■ **Work to complete**: Each line below from the "Here's a demo" line through the "So to start" line, those two included, must be restated word for word; the pictures must not be.

■ **Given information**:
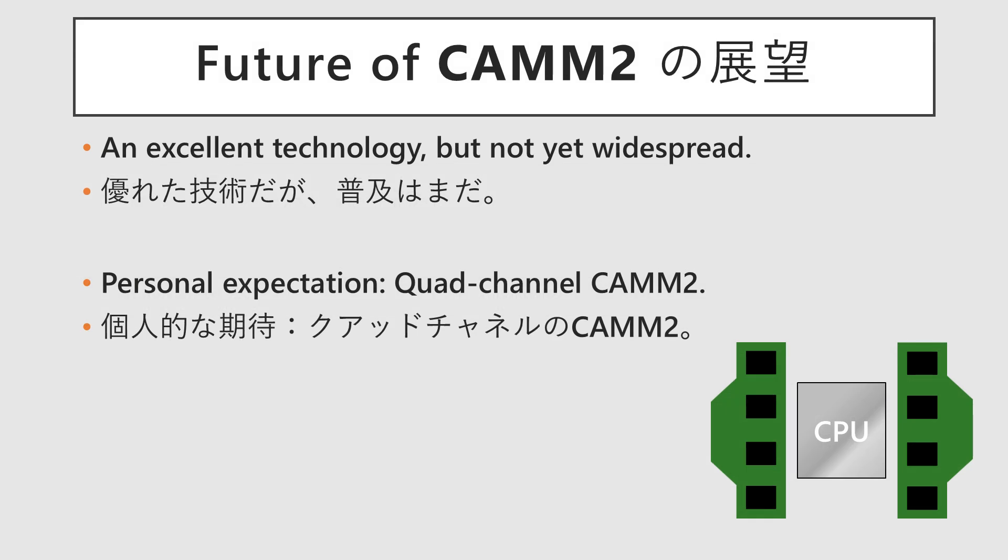Even though CMM2 is an excellent technology, it has yet to see widespread adoption. Personally, as an enthusiast, I would love to see a quad-channel version of CMM2 become available, but there appears to be no sign of that happening anytime soon.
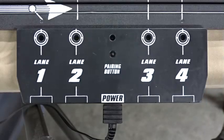Here's a demo on setting up the new AutoWorld wireless controllers. Once you've plugged in the power supply, you will see a green flashing light above the pairing button.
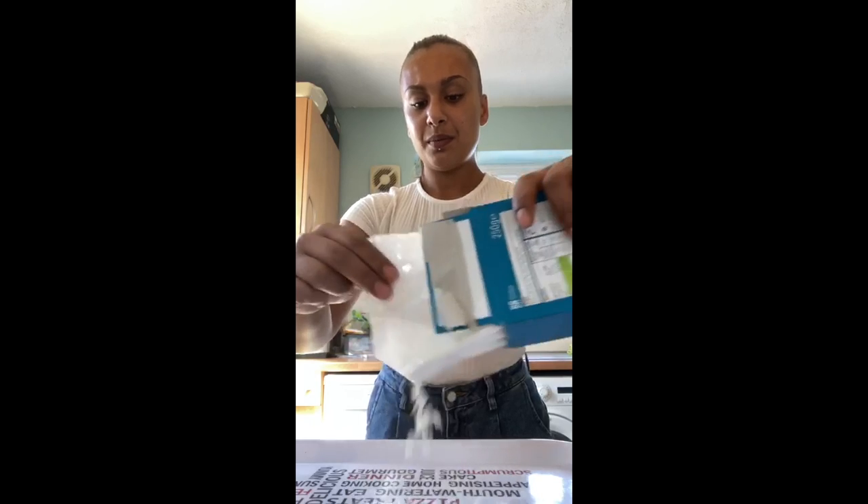So to start with, we're going to add some cornflour to a tray, add a little bit at a time, and then next what we're going to do is we're going to pop some water in, and we're just going to give it a mix.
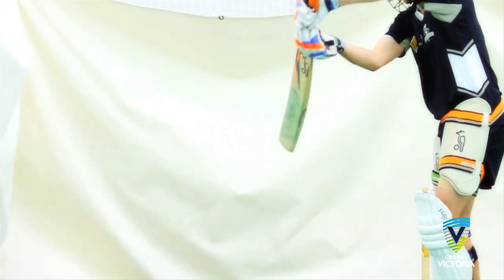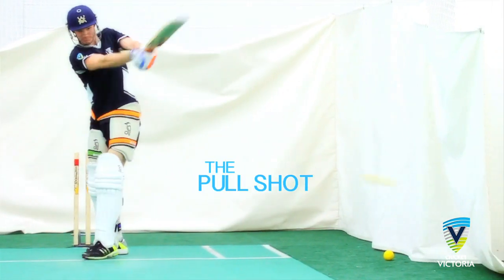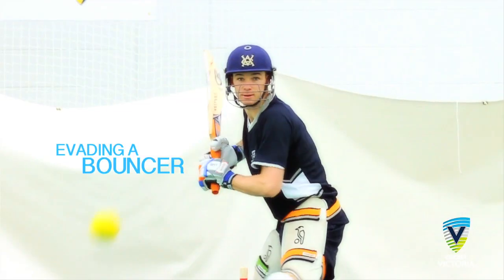The cut shot, the late cut, the back foot drive, the pull shot, tucking the ball through the onside, the back foot defence, ducking a bouncer, evading a bouncer.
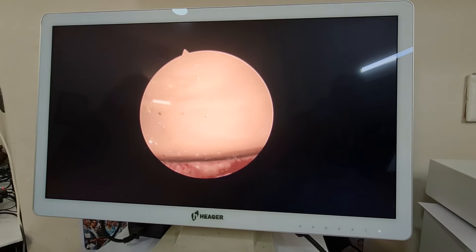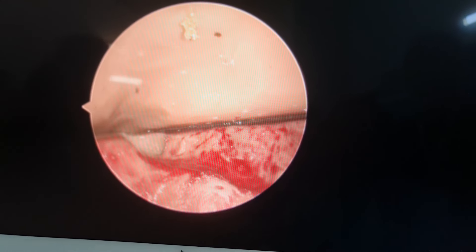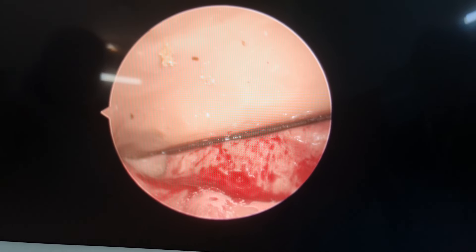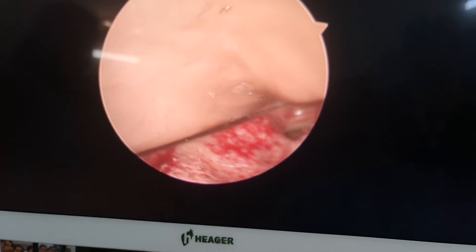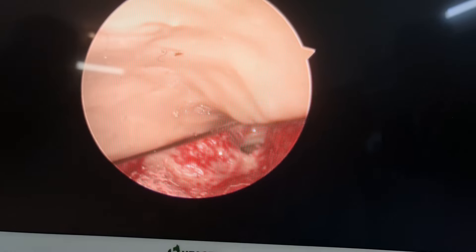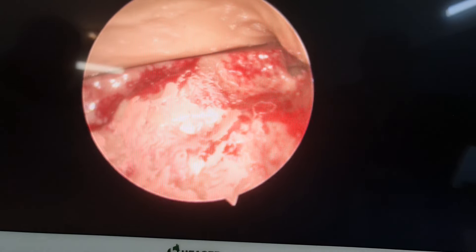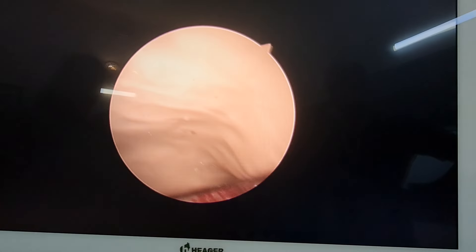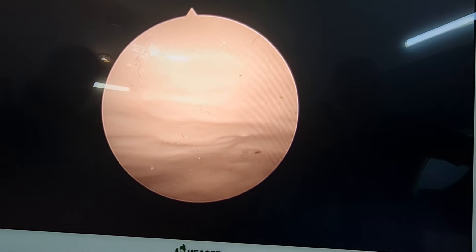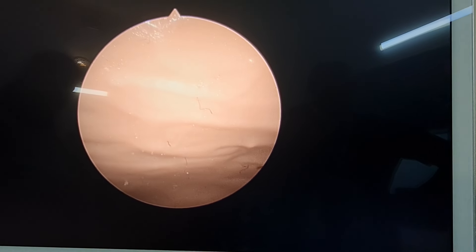This is the Fallopian tube ostium. Then you have to move the light source to the left. This is the lateral slit. Now you have to move the light source above — this is the posterior wall of the uterus. Then you have to move the light source below — this is the anterior wall of the uterus. Then you have to move slowly outside.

■ **Task solution**:
Here's a demo on setting up the new AutoWorld wireless controllers. Once you've plugged in the power supply, you will see a green flashing light above the pairing button.
So to start with, we're going to add some cornflour to a tray, add a little bit at a time, and then next what we're going to do is we're going to pop some water in, and we're just going to give it a mix.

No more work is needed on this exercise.